Integrated Catalog of Walt Whitman's Literary Manuscripts

Specimen Days

  • Whitman Archive Title: For Dem Vistas
  • Whitman Archive ID: tex.00458
  • Repository: Catalog of the Walt Whitman Literary Manuscripts in the Walt Whitman Collection, Harry Ransom Humanities Research Center at the University of Texas at Austin
  • Series: Works, 1846-1913 and undated
  • Date: 1882 or before
  • Genre: prose
  • Physical Description: 1 leaf, handwritten
  • View Images: 1 | 2
  • Content: A brief paragraph suggesting that the unifying motif of a projected volume of miscellaneous prose pieces should be various aspects of nature viewed from the perspective of democracy. Although Whitman eventually titled his collection Specimen Days (1882–83), the present manuscript uses the working title "Mulleins & Bumble Bees," one of many that he considered over the rather long period during which he contemplated publication. In "Cedar-Plums—Names," one of the short essays in the collection, he discusses some of his difficulties with coherence and titling.

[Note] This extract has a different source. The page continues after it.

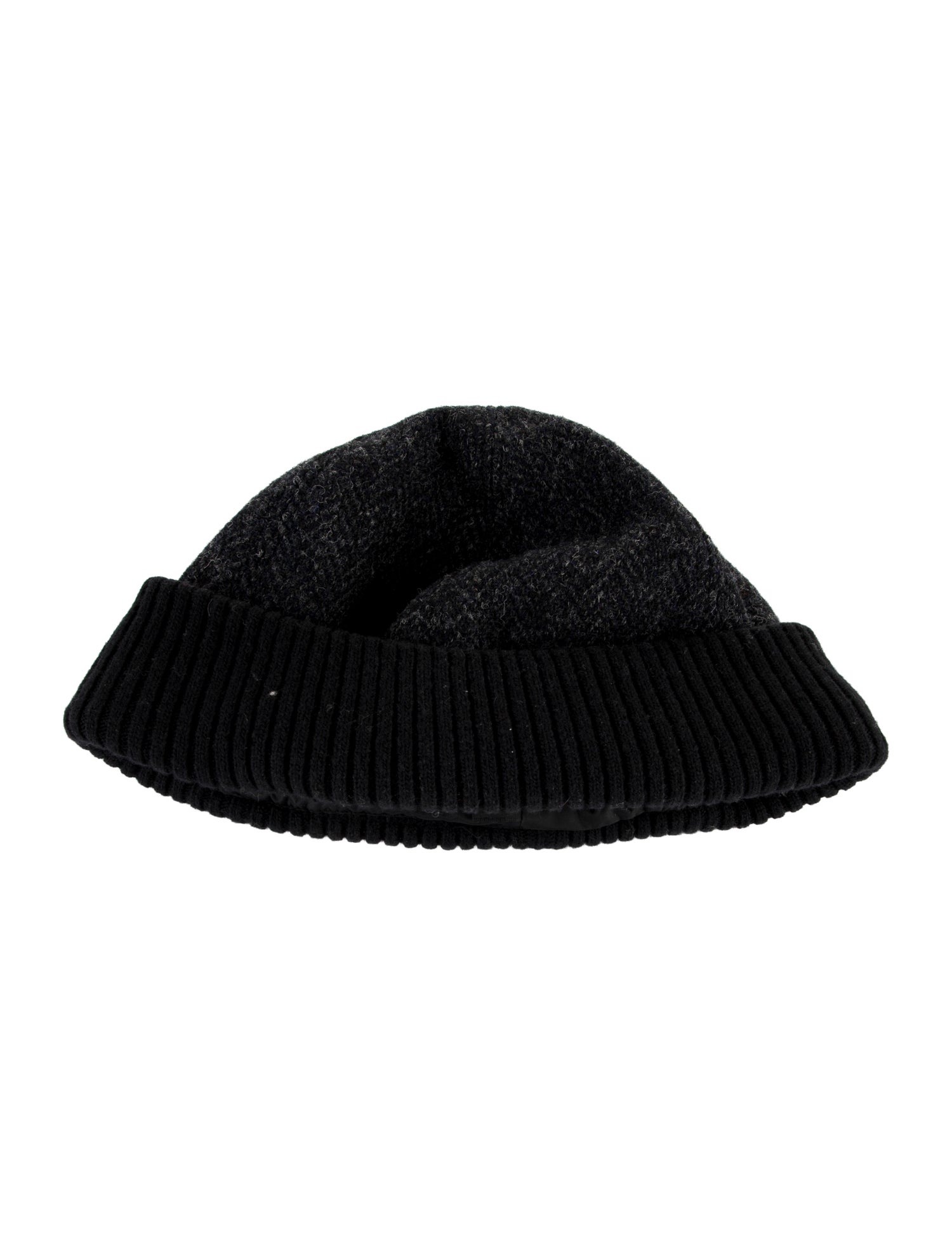 Prada Sport Knitted Wool Beanie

  • Whitman Archive Title: Wood Odors
  • Whitman Archive ID: ucb.00002
  • Repository: Catalog of the Walt Whitman Literary Manuscripts in the Walt Whitman Collection, The Bancroft Library, University of California, Berkeley
  • Box: 1
  • Folder: 3
  • Repository Title: Wood Odors Poem
  • Date: ca. 1875
  • Genre: poetry
  • Physical Description: 2 leaves, handwritten
  • View Images: 1 | 2 | 3 | 4
  • Content: A draft of a poem unpublished in Whitman's lifetime entitled "Wood Odors." The poem was apparently written as Whitman was making notes for his 1882-1883 book, Specimen Days & Collect . Specifically, the poem appears to respond to the visit he made to the Stafford farm in New Jersey in the mid-1870s. Some have argued that this draft is not a poem at all, but a list of phrases toward the composition of Specimen Days & Collect (see David Goodale, "Wood Odors," Walt Whitman Review 8 [March 1962], 17). "Wood Odors" was published first in Harper's Magazine 221 (December 1960), 43.

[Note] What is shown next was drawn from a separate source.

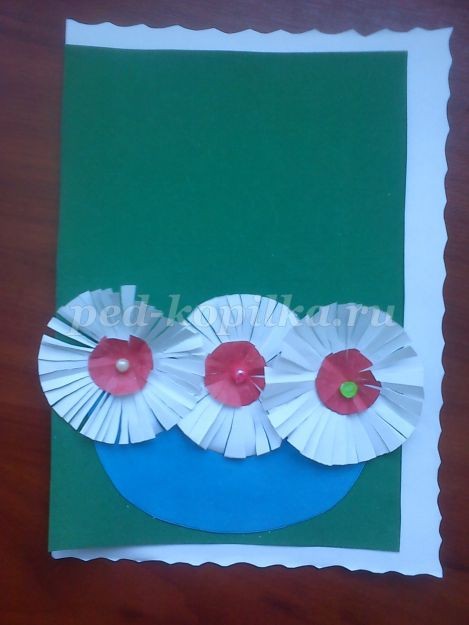 Открытка для мамочки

  • Whitman Archive Title: [Among the many]; [It is not this]
  • Whitman Archive ID: tex.00004
  • Repository: Catalog of the Walt Whitman Literary Manuscripts in the Walt Whitman Collection, Harry Ransom Humanities Research Center at the University of Texas at Austin
  • Box: 1
  • Folder: 1; 5
  • Series: Works, 1846-1913 and undated
  • Repository Title: Among the many aspects of thought…; It is not this business of voting…
  • Date: about 1881
  • Genre: poetry, prose
  • Physical Description: 2 leaves, handwritten
  • View Images: 1 | 2 | 3 | 4
  • Content: On one side of the leaves, Whitman explores the idea that life, with its petty concerns, is "an exercise, a training & development" for an afterlife. A note at the top possibly indicates that the poet considered developing this thought in conjunction with "From Noon to Starry Night," a cluster that first appeared in the 1881–82 edition of Leaves of Grass . Edward F. Grier suggests, alternatively, that the writing is connected with Specimen Days (1882–83), "which is full of references to stars" (Walt Whitman, Notebooks and Unpublished Prose Manuscripts, Edward F. Grier, ed. [New York: New York University Press, 1984], 6:2106). The writing on the reverse sides of the leaves explores the ideal roles of authors and the general public in shaping government and legislation. These notes are possibly related to Democratic Vistas, in which Whitman discusses the role of what he calls here the literary class in connection to democracy, as well as issues of voting and women's rights. The two leaves are housed and described separately at the repository.